→ **Entries shown**
□ □ □ □

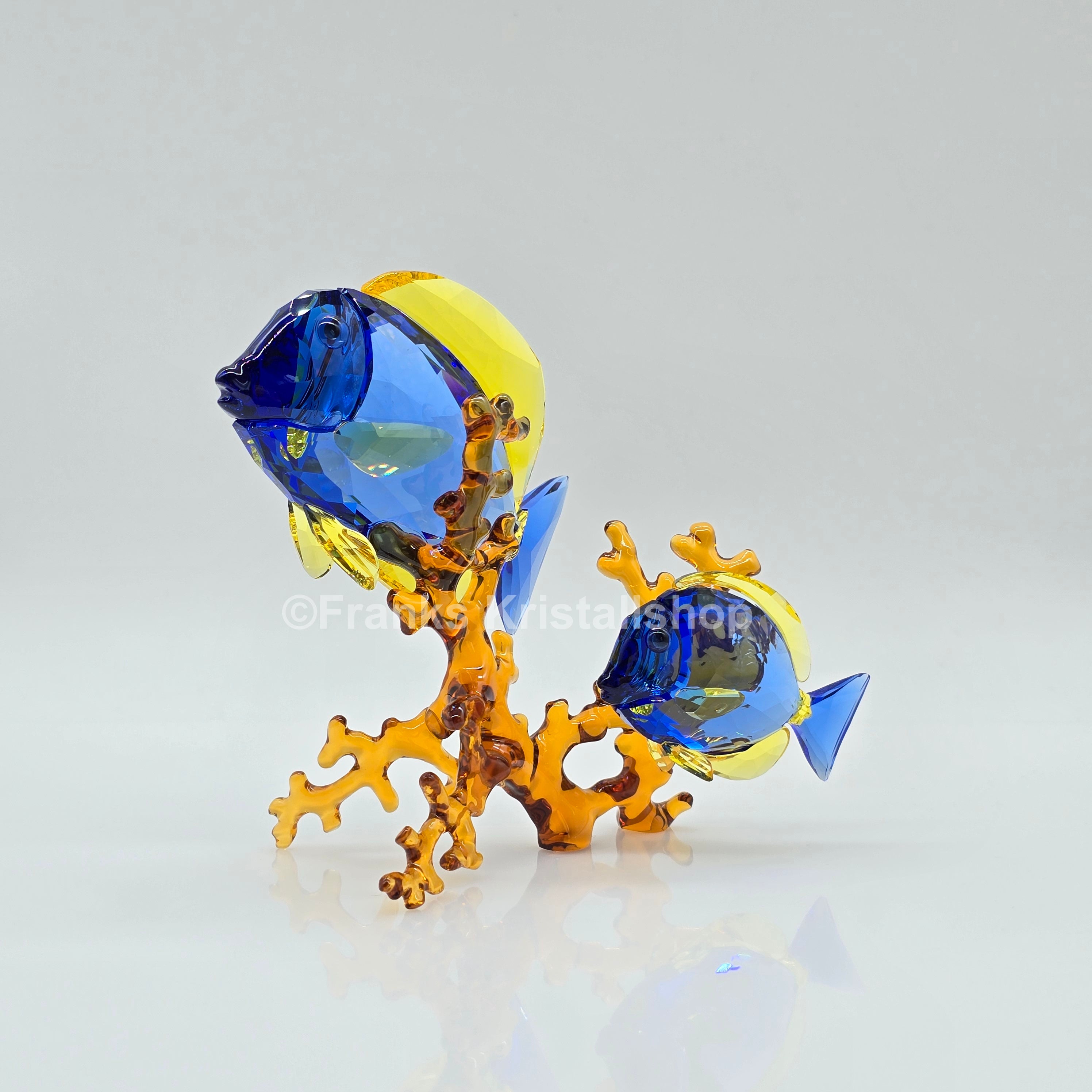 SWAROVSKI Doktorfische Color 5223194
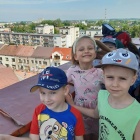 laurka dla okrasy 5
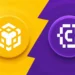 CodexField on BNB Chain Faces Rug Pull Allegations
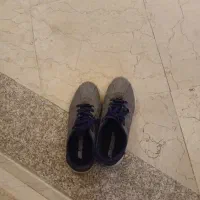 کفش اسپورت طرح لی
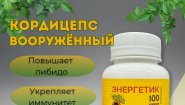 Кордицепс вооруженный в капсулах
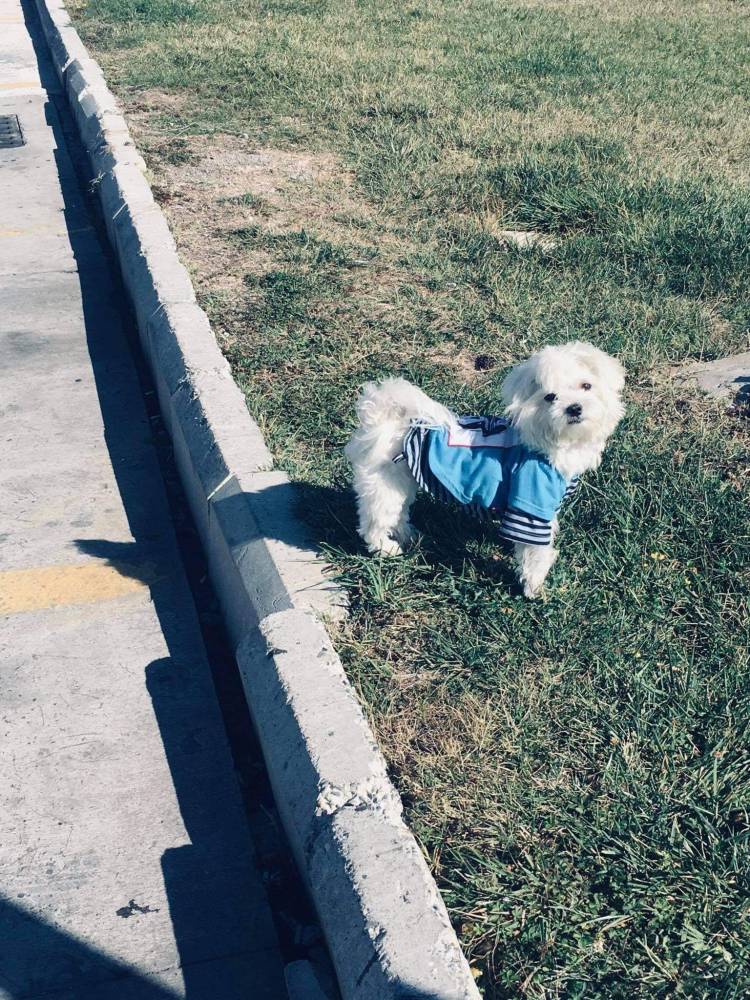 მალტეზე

□ □ □ □

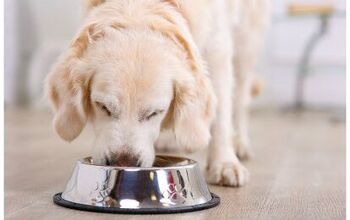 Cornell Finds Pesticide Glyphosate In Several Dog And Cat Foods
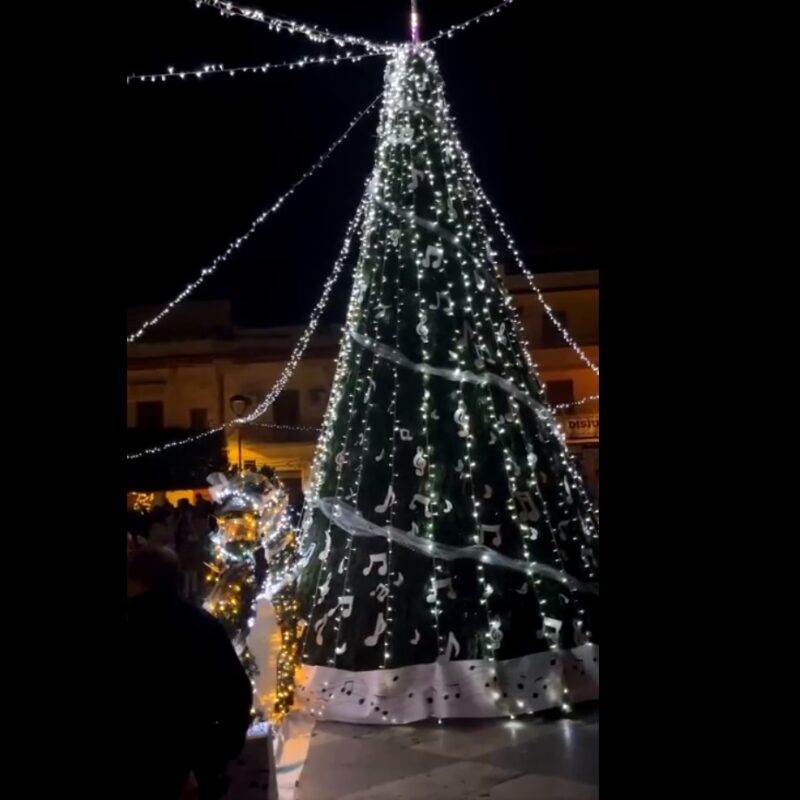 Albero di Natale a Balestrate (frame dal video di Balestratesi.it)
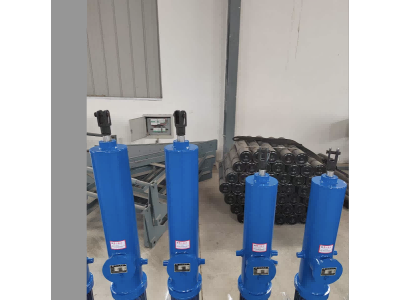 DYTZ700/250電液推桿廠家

□ □ □ □

→ **What is being asked**
Would you please reproduce the entries above, starting at the line with "Albero di Natale" and stopping after the line with "DYTZ700/250電液推桿廠家"? Omit any pictures.

→ **Response area**
 Albero di Natale a Balestrate (frame dal video di Balestratesi.it)
 DYTZ700/250電液推桿廠家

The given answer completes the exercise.